From the texture of the Flop, there was little chance of a straight or a flush. I checked, Alex bet at the Flop, The Button and The Big Blind folded and it was back to me. There were two overcards on the Flop and I was in poor position. It was an easy fold, but something didn't seem right because Alex had bet straight away. I had seen enough of Alex's play to learn that he's a tricky player: he would have feigned weakness, pausing just a little before betting with Top Pair. Also, he was tricky enough to slow-play a Set or the top Two Pairs, and he hadn't checked. So, I ruled out his having Ace- Any, pocket Aces or Jacks.

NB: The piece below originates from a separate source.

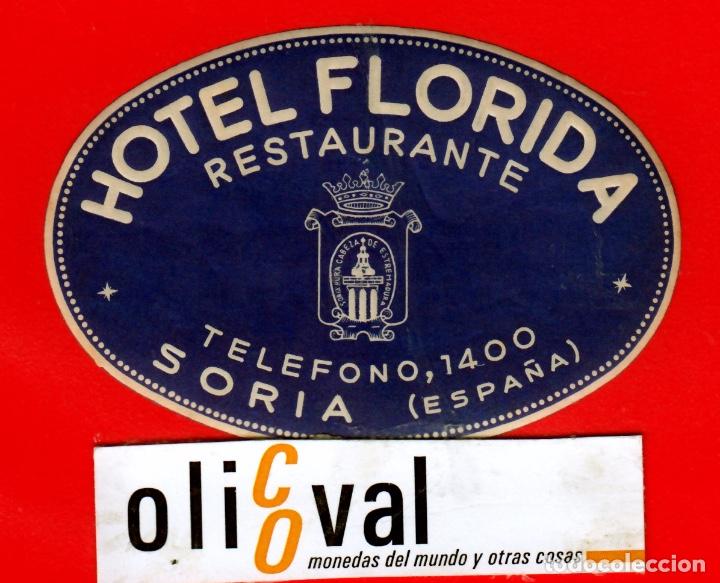 Etiquetas antiguas: ETIQUETA HOTEL SORIA HOTEL FLORIDA DATADA TROQUEL OVAL 90mm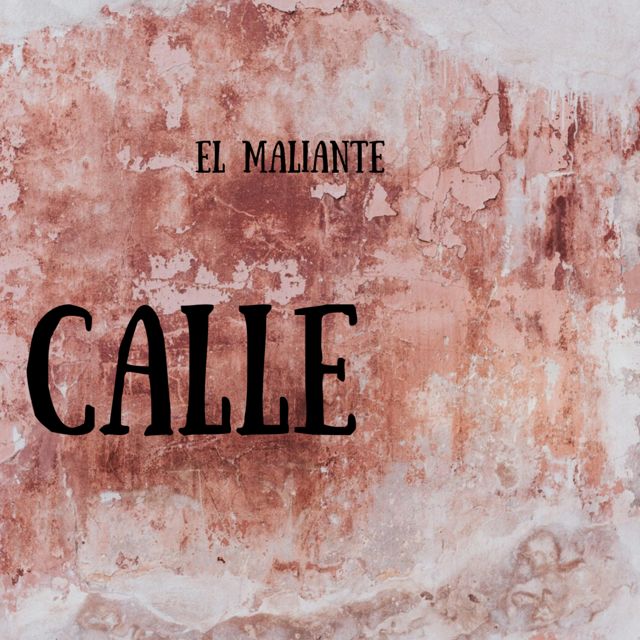 El maliante - 'CALLE' [Ringtone]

He could have had pocket Kings, Queens, or another pair smaller than Jacks. Possibly he could have been betting with a ten-out hand like Kh-Qh, hoping to hit a King, Queen, or Ten on the Turn or River. Any of those holdings would be consistent with his behavior. I called.
The dealer put the Ac on the table. I checked. Again Alex bet quickly, representing Ace-Any or pocket Jacks. Still suspicious, and despite my poor situation, I called.
The dealer put the 8d on the River. I checked and he checked. Alex showed down the two black Tens. I showed my red Tens and the dealer split the pot.
As I stacked my half of the pot I wondered, in a ten-handed game what is the chance that anyone else has a pocket pair of the same rank?
Given that you have a pocket pair, there are fifty unknown cards before the Flop: the thirty-two cards remaining in the deck and the eighteen cards dealt to the nine other players. No one else could possibly hold a pocket pair of the same rank unless both cards were among those eighteen. That probability is C(48,16)/C(50,18), or .1249, about one time in eight.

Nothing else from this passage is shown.